Captioned web image data:
☆ ☆ ☆
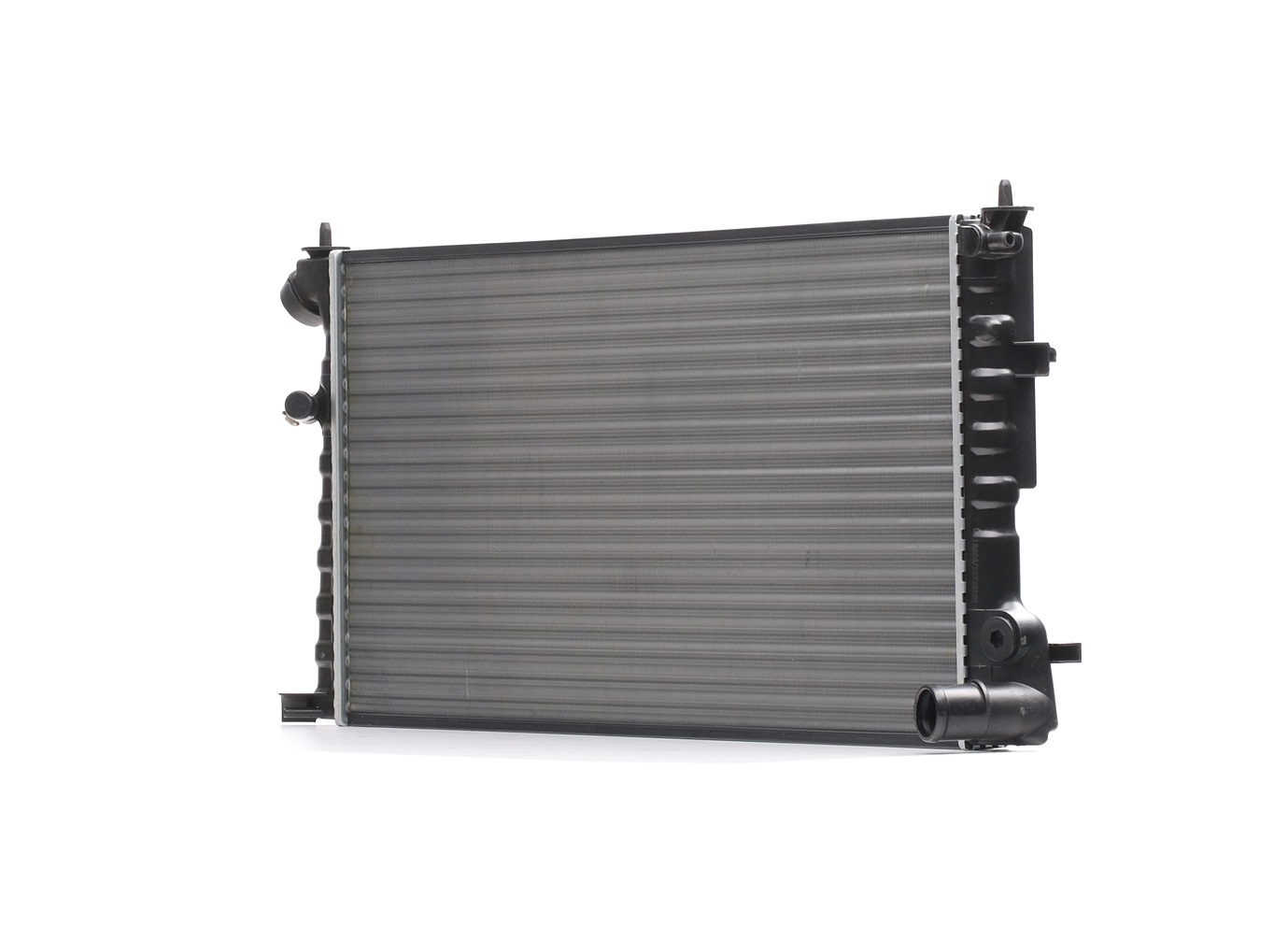 Compre STARK Radiador, refrigeración del motor Número de producto: SKRD-0121065 a bajo precio de 64,76 €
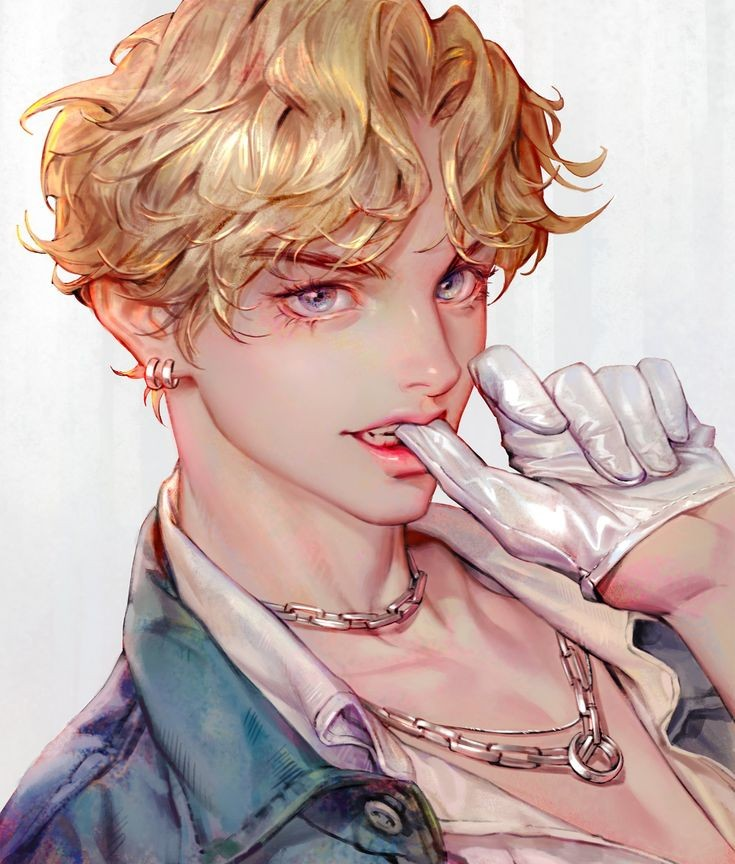 user avatar image for Joseph De la Rosa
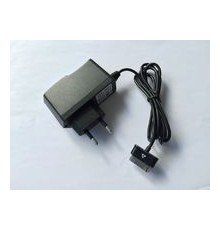 Fuj:tech power supply (5V, 2A) for Samsung tablets
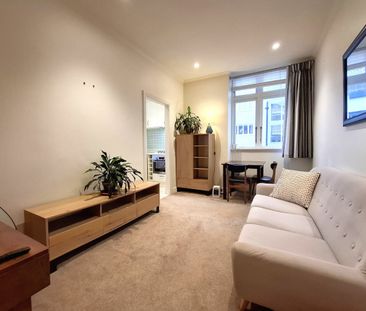 16/38 Symonds Street, Grafton - Photo 5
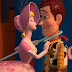 Des précisions sur l'intrigue de l'attendu Toy Story 4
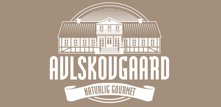 Avlskovgaard hundefoder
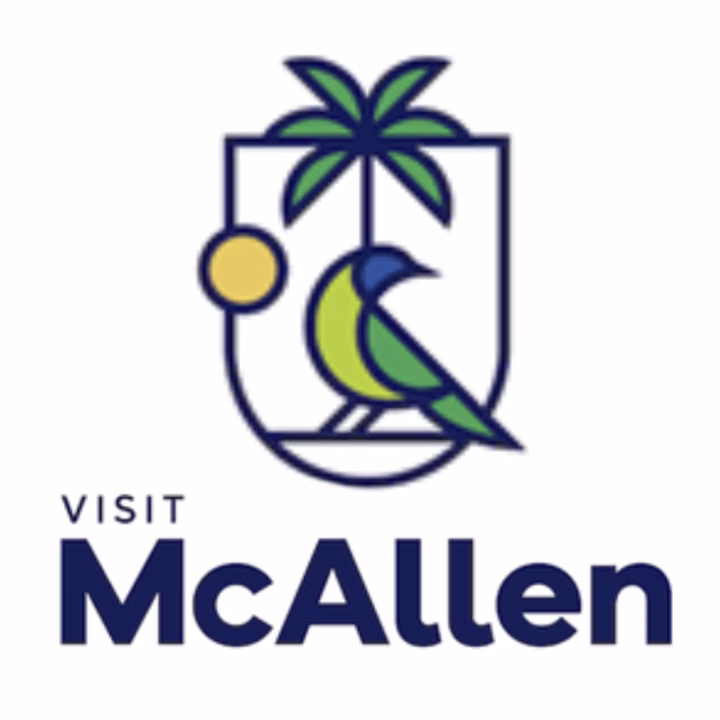 Visit McAllen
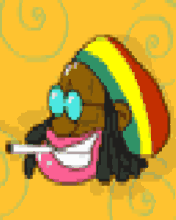 3MB.Ru_026.gif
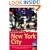 The Rough Guide to New York City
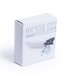 Microscopio Dicson 60X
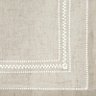 Caminho de Mesa Home Style Even 150 Cm X 45 Cm - 2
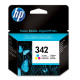 HP ENCRE 342 3CL 175P 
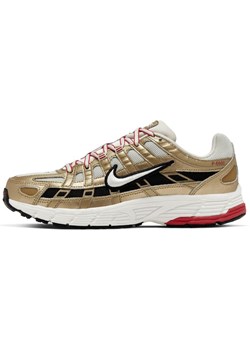 Buty sportowe męskie zalando, wiosna 2020 w Domodi Buty sportowe męskie zalando, wiosna 2020 w Domodi
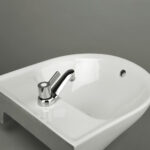 22181-imagen-producto-extras_12-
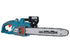 Electric chainsaw KS CS2400-18, image 15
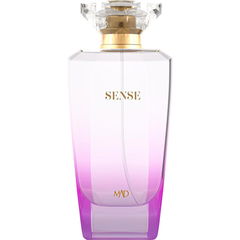 Sense by MAD Parfumeur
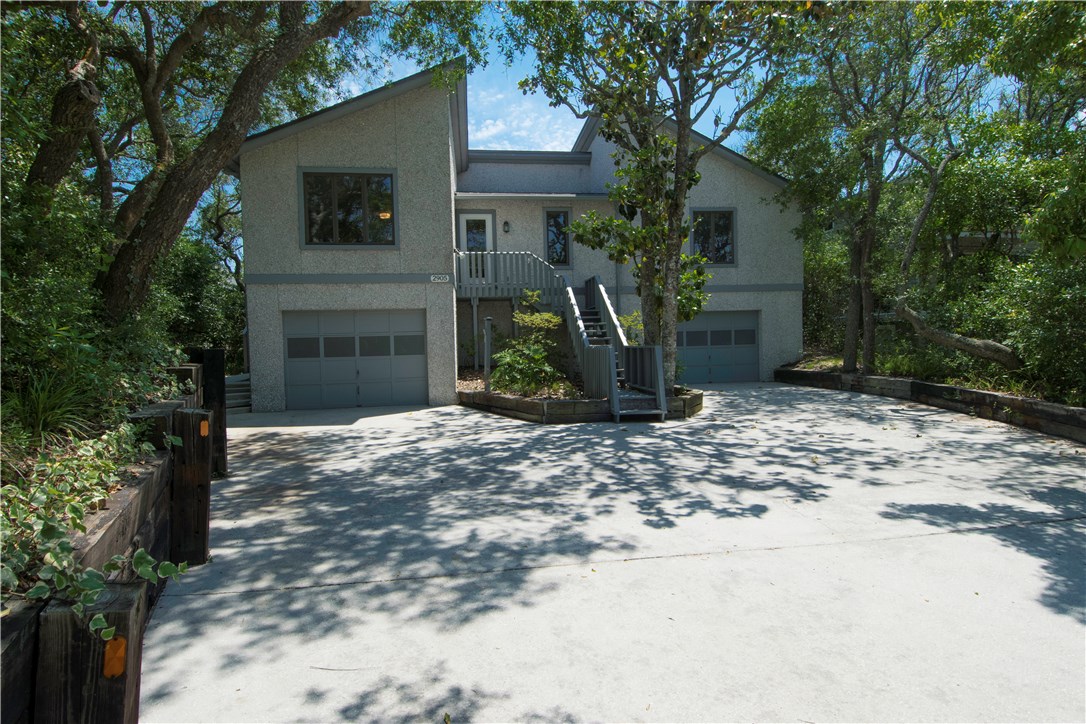 2905 Bill Melton Road Fernandina Beach, FL 32034 - Photo 1 of 35 Gallery Image 1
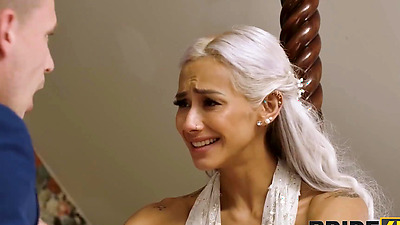 BRIDE4K. 3Way Detour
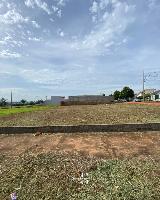 Vendo 02 Terrenos!!!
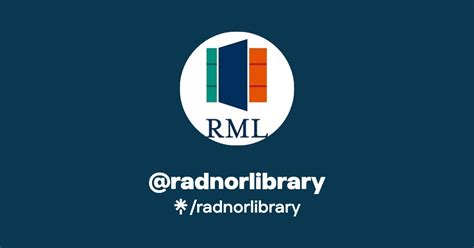 Image result for Main Line Health Radnor Memorial Library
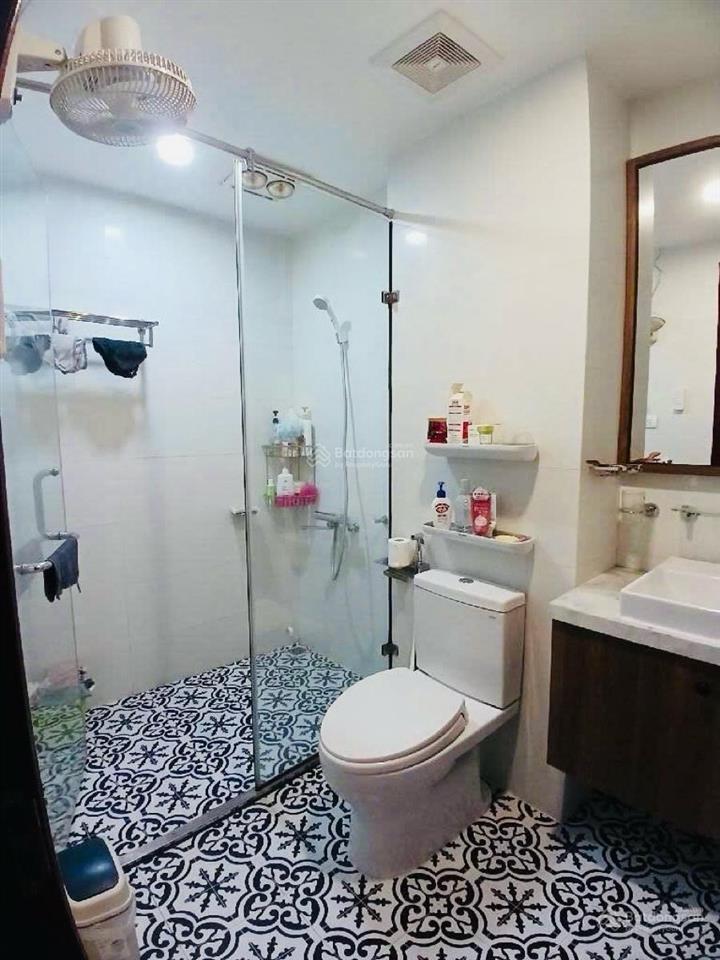 Chính chủ cần bán nhà vạn phúc  ba đình, giảm chào 3 tỷ còn hơn 16 tỷ, dt 70m, 6 tầng, thang máy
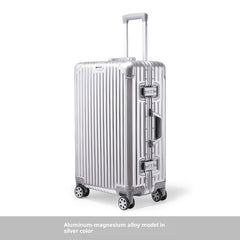 63710d49acd43ddb6944a5a7f432e04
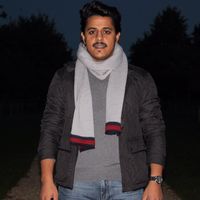 Fotos de Naser Al-naser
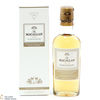 Macallan - The 1824 Series - Gold - 5cl Thumbnail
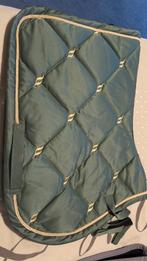 Back on track springdekje full, Dieren en Toebehoren, Paarden en Pony's | Dekens en Dekjes, Ophalen of Verzenden, Zo goed als nieuw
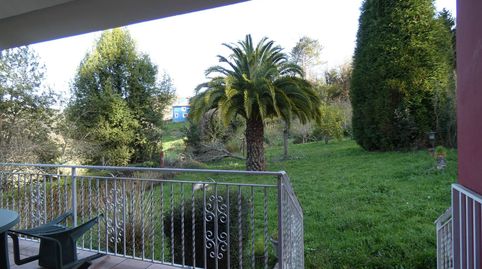 Foto 5 de Casa o chalet en venta en Soto del Barco, Asturias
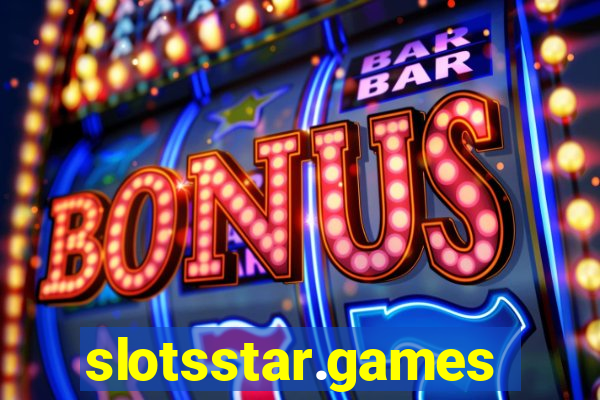 slotsstar.games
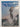 The Day After Tomorrow [DVD] by Roland Emmerich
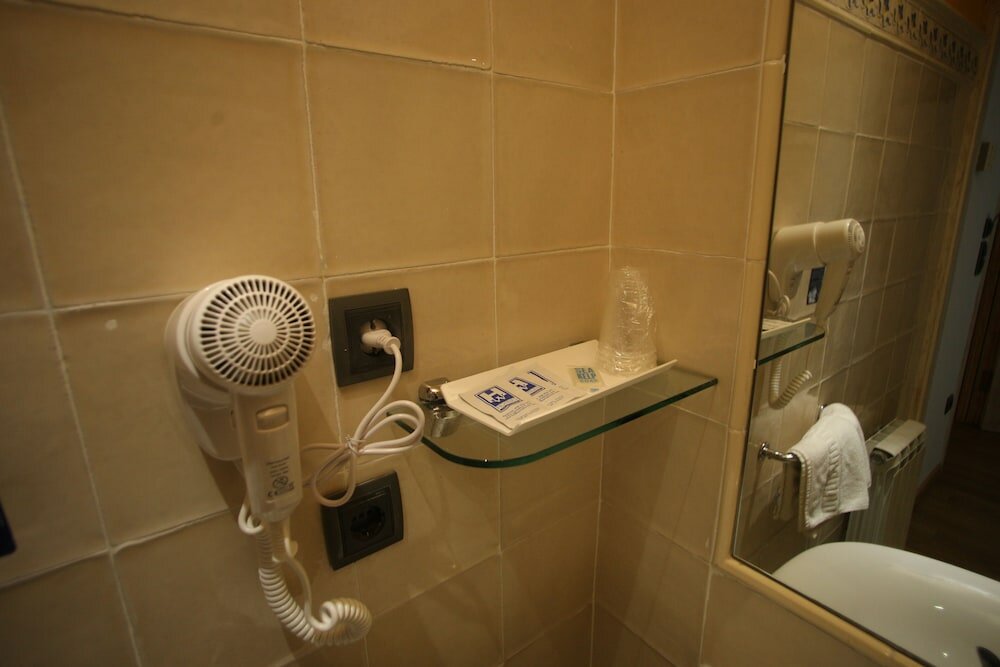 Фото Boutique Hotel Castilla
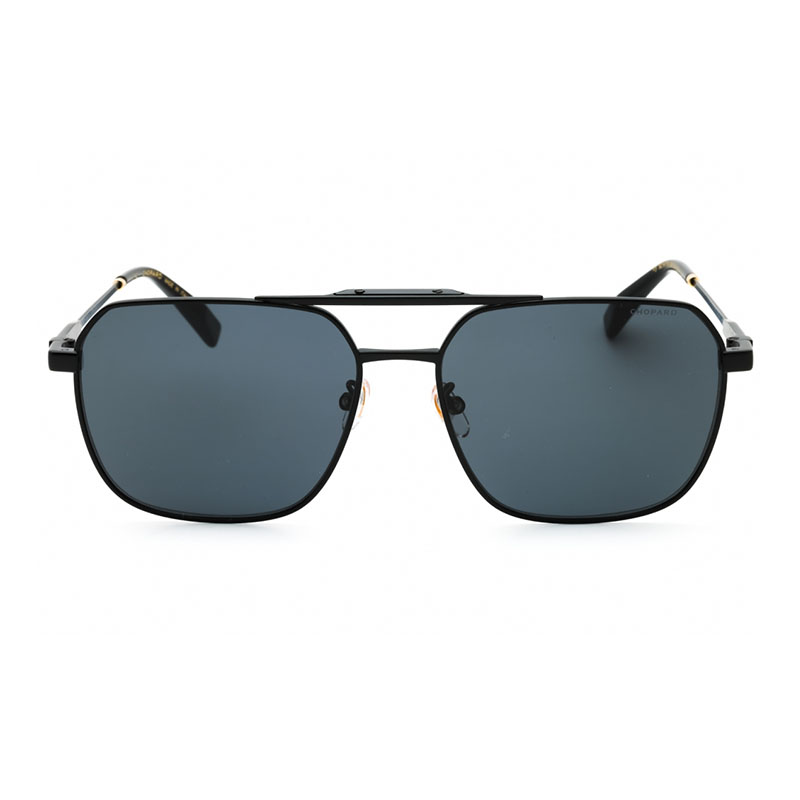 Chopard SCHF79 Square Sunglasses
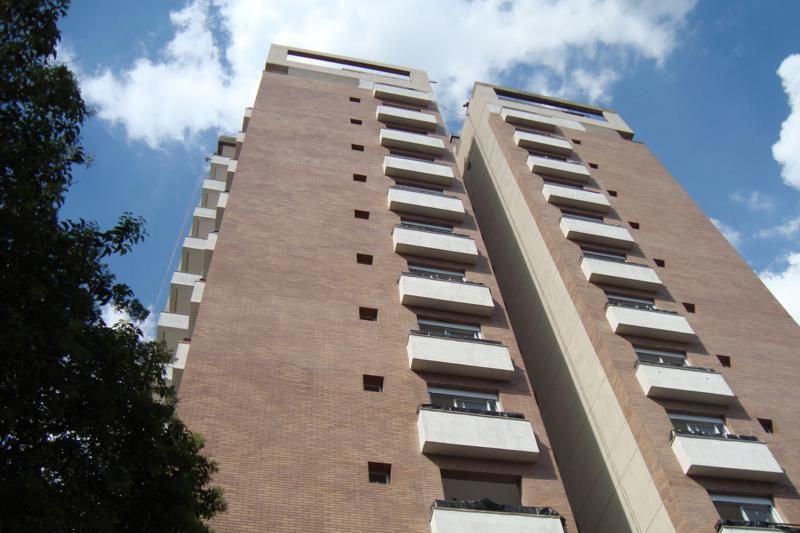 Vampre_196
☆ ☆ ☆
• **Task prompt**: Since the copy must contain no pictures, return only the text of the records, exactly as it stands.

• **Reply to the exercise**:
 Compre STARK Radiador, refrigeración del motor Número de producto: SKRD-0121065 a bajo precio de 64,76 €
 user avatar image for Joseph De la Rosa
 Fuj:tech power supply (5V, 2A) for Samsung tablets
 16/38 Symonds Street, Grafton - Photo 5
 Des précisions sur l'intrigue de l'attendu Toy Story 4
 Avlskovgaard hundefoder
 Visit McAllen
 3MB.Ru_026.gif
 The Rough Guide to New York City
 Microscopio Dicson 60X
 Caminho de Mesa Home Style Even 150 Cm X 45 Cm - 2
 HP ENCRE 342 3CL 175P 
 Buty sportowe męskie zalando, wiosna 2020 w Domodi Buty sportowe męskie zalando, wiosna 2020 w Domodi
 22181-imagen-producto-extras_12-
 Electric chainsaw KS CS2400-18, image 15
 Sense by MAD Parfumeur
 2905 Bill Melton Road Fernandina Beach, FL 32034 - Photo 1 of 35 Gallery Image 1
 BRIDE4K. 3Way Detour
 Vendo 02 Terrenos!!!
 Image result for Main Line Health Radnor Memorial Library
 Chính chủ cần bán nhà vạn phúc  ba đình, giảm chào 3 tỷ còn hơn 16 tỷ, dt 70m, 6 tầng, thang máy
 63710d49acd43ddb6944a5a7f432e04
 Fotos de Naser Al-naser
 Macallan - The 1824 Series - Gold - 5cl Thumbnail
 Back on track springdekje full, Dieren en Toebehoren, Paarden en Pony's | Dekens en Dekjes, Ophalen of Verzenden, Zo goed als nieuw
 Foto 5 de Casa o chalet en venta en Soto del Barco, Asturias
 slotsstar.games
 The Day After Tomorrow [DVD] by Roland Emmerich
 Фото Boutique Hotel Castilla
 Chopard SCHF79 Square Sunglasses
 Vampre_196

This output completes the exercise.